Глава Комитета по Национальной премии Украины им. Т. Шевченко, поэт Борис Олийник рассказал «Дню»: «Было много дискуссий, противоположных оценок. Тем не менее, состав победителей в этом году, по моему мнению, — действительно высококачественный. Это люди, которые работают в искусстве не один год. Победили те, кто действительно работал, а не говорил о себе. Non multa, sed multum (лат. «Дело не в количестве, а в качестве»).
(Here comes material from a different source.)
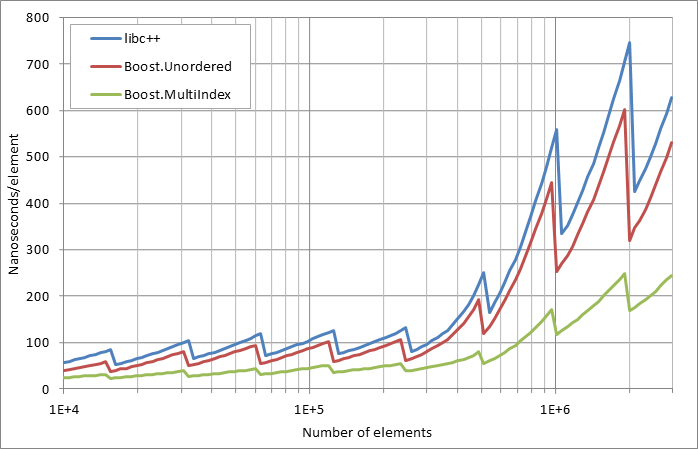 scattered%20unsuccessful%20looukp.xlsx.practice non unique 5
Конечно, результатом довольны не все, но предубежденности и заговора в решениях Комитета не ищите, поскольку голосования — закрытые»...
(Денежный эквивалент Шевченковской премии составляет 240 тысяч гривен.)
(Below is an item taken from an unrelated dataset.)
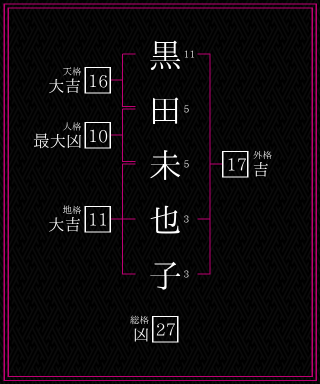 黒田未也子さんの姓名鑑定結果。天格、人格、地格、外格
«День» поздравляет победителей и предлагает читателям ближе познакомиться с тремя нынешними лауреатами — Юрием Буряком, Константином Москальцом и Петром Панчуком.
Юрий БУРЯК: «Экспериментирую в поэзии, чтобы избежать литературной стагнации»
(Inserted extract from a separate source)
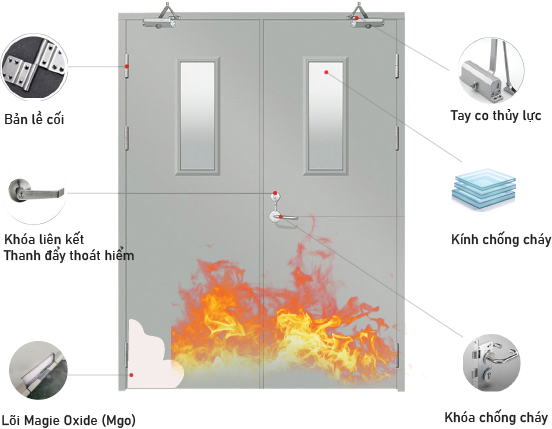 Tìm hiểu về công dụng và các loại cửa thép chống cháy hiện nay SGB2LAhJp97Bp3Xxwd9RVBE4oOvS3yBmxkOBmXaIACyut7wBSnHyqSifT26x-YAiBKFz1pOrPa43P93nRT9EF0fNdyRaAxvWXQLGVfgKjDvDqZqyFrgkGQPQCZtuhmkVqRWlTmUeJhEOhnAEFmLXYQ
Юрий Григорьевич — представитель литературного поколения «восьмидесятников», известный украинский поэт, экспериментатор-модернист, мастер художественного слова, которому принадлежит авторство ряда поэтических сборников, а именно: «Струми», «Брук», «Tabula rasa», «Оріль», «Амальгама», «Коло навколо», «Не мертве море» и др.
Он лауреат многих литературных и художественных премий, в частности имени Павла Усенко, Ивана Огиенко, Евгения Плужника, Владимира Сосюры, Дмитрия Нитченко, Бориса Нечерды.
Юрию Буряку принадлежат переводы древнебулгарского эпоса Кул-Гали «Легенда о Юсуфе», Шамси Башту «Легенда о дочери Шана», польских классицистов Станислава Трембецкого и Яна Бровинского, поэзии Федора Тютчева, Бориса Пастернака, Осипа Мандельштама, Эзры Паунда, Константиноса Кавафиса, Иосифа Бродского, современных английских поэтов, в частности Фионы Симпсон.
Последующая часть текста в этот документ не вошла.